Page MenuHomePhabricator

Namespaces with diacritics are ignored on search suggestions
Closed, ResolvedPublic

Description

On https://pt.wikipedia.org, if I type "modulo" in the search box, I get the article "Módulo" as a suggestion, but if I type "modulo:string", there is no suggestion.

Notice that there is a namespace called "Módulo" (in English, "Module"), and the page called "Módulo:String" exists.


Version: 1.23.0
Severity: normal
See Also:
https://bugzilla.wikimedia.org/show_bug.cgi?id=67521

Details

Reference
bz62322

Event Timeline

bzimport raised the priority of this task from to Medium.Nov 22 2014, 3:05 AM
bzimport set Reference to bz62322.

We're starting to try tracking stuff with phabricator so, for science!: https://phabricator.wikimedia.org/T720

This looks to be caused by how the namespaces are resolved: cirrus uses mediawiki to resolve the namespaces but lsearchd used lucene. Lets see what we can do about that.

One way to "fix" this right away would be add Modulo as a namespace alias for Módulo but I'll see if I can make it work in search.

Patch is coming along. Should be ready in a bit.

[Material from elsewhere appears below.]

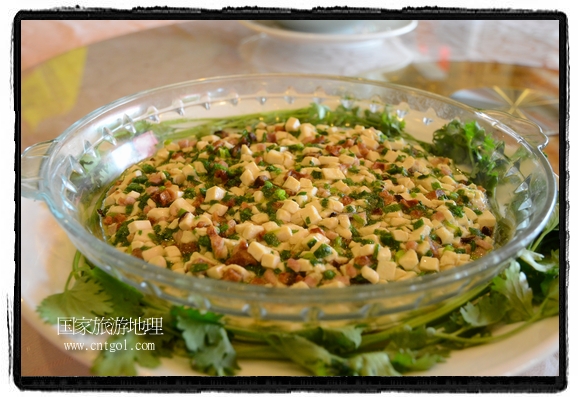 此次攝制組通過拍攝婺源代表名菜糊豆腐、粉蒸肉、荷包紅魚、賽鵝頸及地方小吃清明果、灰汁果、糯米子糕等來詮釋婺源美食經典，展示婺源食文化，打造獨屬婺源的美食符號。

Change 168167 had a related patch set uploaded by Manybubbles:
Add hook to extract namespace in prefix search

https://gerrit.wikimedia.org/r/168167

Change 168167 merged by jenkins-bot:
Add hook to extract namespace in prefix search

https://gerrit.wikimedia.org/r/168167

Resolved. It'll take some time for this to arrive on a wiki near you because it requires rebuilding the search index which has to come after the code is deployed.